A trama gira em torno de Arvin Russel (Tom Holland), um rapaz marcado pela criação severa de seu pai, o veterano da Segunda Guerra Willard Russel (Bill Skarsgård). Vivendo em uma cidade do interior dominada pela corrupção e violência, o rapaz faz o que é preciso para proteger sua família, em particular sua irmã adotiva Lenora (Eliza Scanlen). Enquanto isso, em outra cidade, um casal de assassinos em série segue fazendo cada vez mais vítimas.

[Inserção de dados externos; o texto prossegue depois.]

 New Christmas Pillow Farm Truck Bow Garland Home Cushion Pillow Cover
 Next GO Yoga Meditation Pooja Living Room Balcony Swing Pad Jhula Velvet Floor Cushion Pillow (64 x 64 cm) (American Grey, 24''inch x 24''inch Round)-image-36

Do começo ao fim, o longa tem um clima pesado e carregado de tensão, onde é difícil encontrar gestos sinceros de bondade. Como o pai de Arvin diz em uma cena muito importante logo no início, “tem muitos filhos da puta inúteis por aí”. Diante dessa visão tão sombria e pessimista, a violência é praticamente uma coisa natural que surge de forma impactante, mas nem por isso gratuita. Em muitos momentos, parece que estamos assistindo a um filme de Quentin Tarantino, mas sem os exageros e peculiaridades que o cineasta gosta de acrescentar em seus trabalhos.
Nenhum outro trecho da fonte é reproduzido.